• Problem statement: Only the lines from the line containing "Zdjęcie produktu - Allnutrition" to the end of the material belong in the copy; set them down exactly, without pictures.

• Collected material:

# # # # # # #

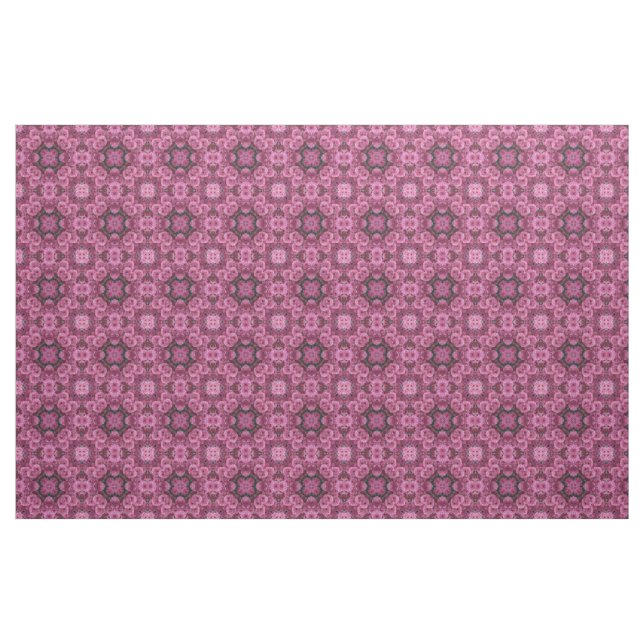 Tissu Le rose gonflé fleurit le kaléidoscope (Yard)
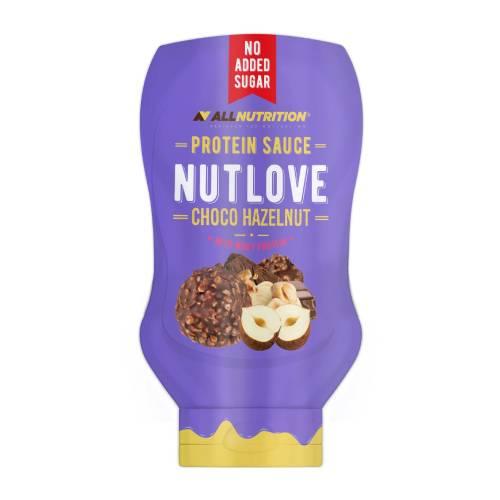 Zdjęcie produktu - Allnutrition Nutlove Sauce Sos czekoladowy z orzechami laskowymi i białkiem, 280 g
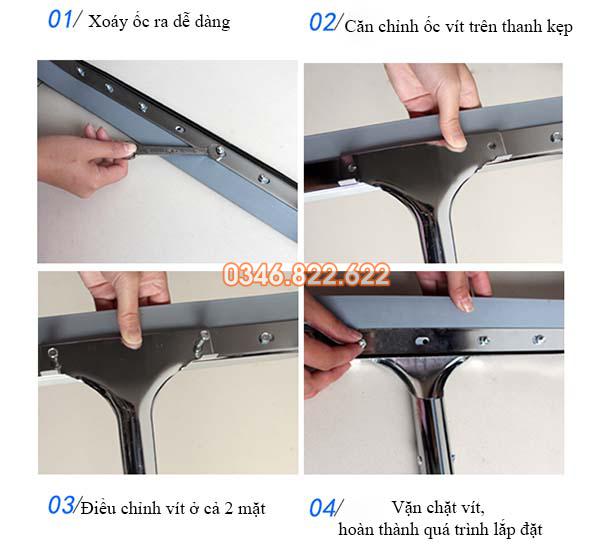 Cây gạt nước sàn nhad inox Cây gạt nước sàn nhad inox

# # # # # # #

• Solution below:
 Zdjęcie produktu - Allnutrition Nutlove Sauce Sos czekoladowy z orzechami laskowymi i białkiem, 280 g
 Cây gạt nước sàn nhad inox Cây gạt nước sàn nhad inox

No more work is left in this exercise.